▶ [THE PROBLEM] Among the entries below, which lines run from the line with "دکتر جوش صورت در بلوار فردوس" through the line with "the Skin of the ..."? Retype those, both ends included, exactly and without pictures.

▶ [RECORDS TO PROCESS]

◇ ◇ ◇ ◇ ◇ ◇ ◇

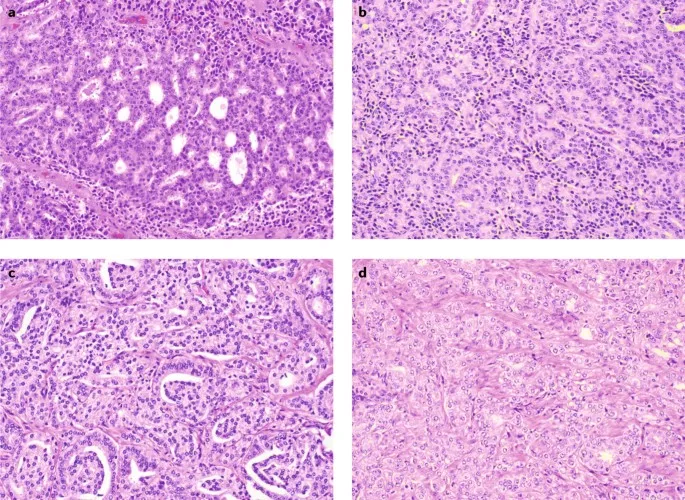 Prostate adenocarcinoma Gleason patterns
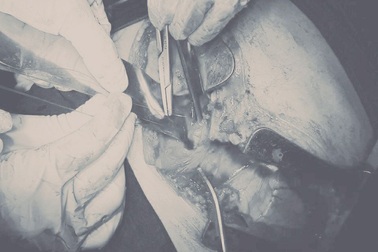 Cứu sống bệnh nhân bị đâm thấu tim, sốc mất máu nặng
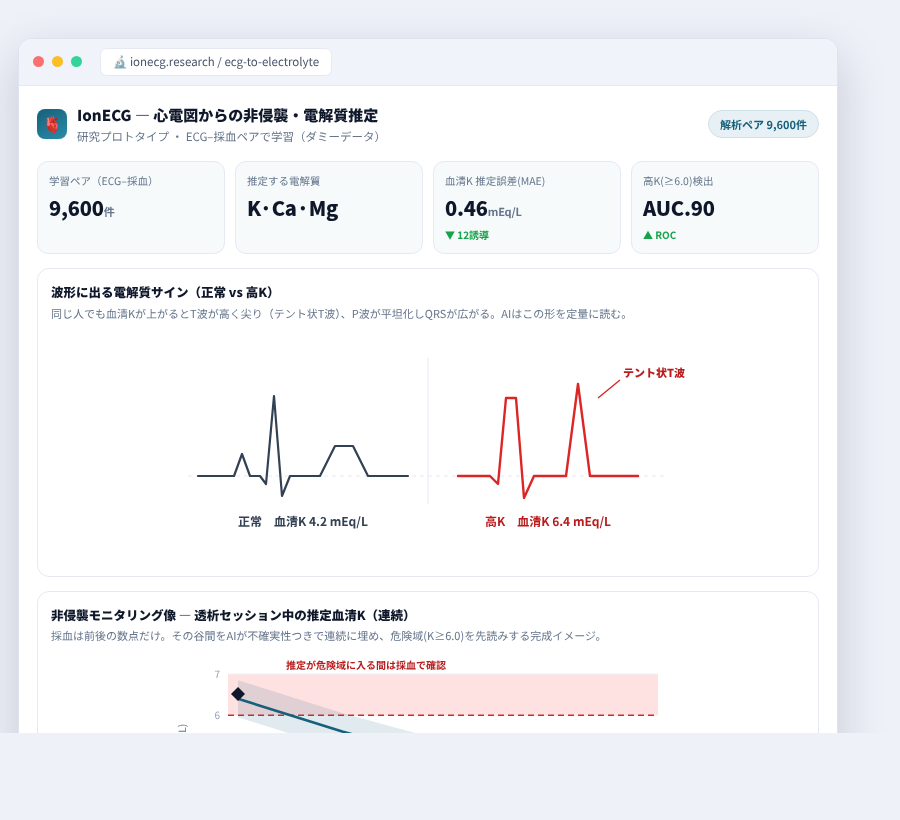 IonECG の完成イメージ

◇ ◇ ◇ ◇ ◇ ◇ ◇

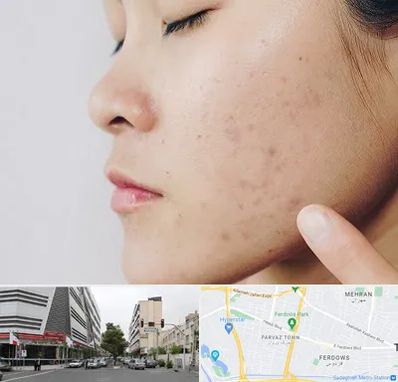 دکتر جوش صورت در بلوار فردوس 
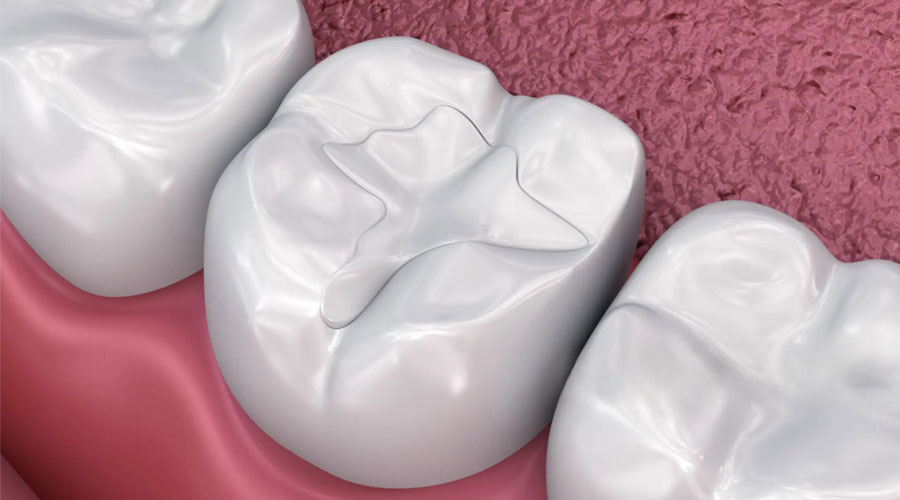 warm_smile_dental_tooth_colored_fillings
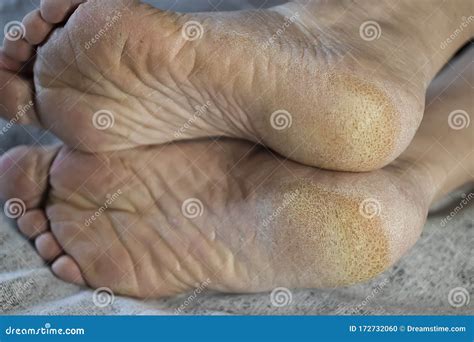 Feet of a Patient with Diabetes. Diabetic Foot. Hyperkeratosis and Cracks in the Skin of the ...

◇ ◇ ◇ ◇ ◇ ◇ ◇

▶ [EXPECTED OUTPUT]
 دکتر جوش صورت در بلوار فردوس 
 warm_smile_dental_tooth_colored_fillings
 Feet of a Patient with Diabetes. Diabetic Foot. Hyperkeratosis and Cracks in the Skin of the ...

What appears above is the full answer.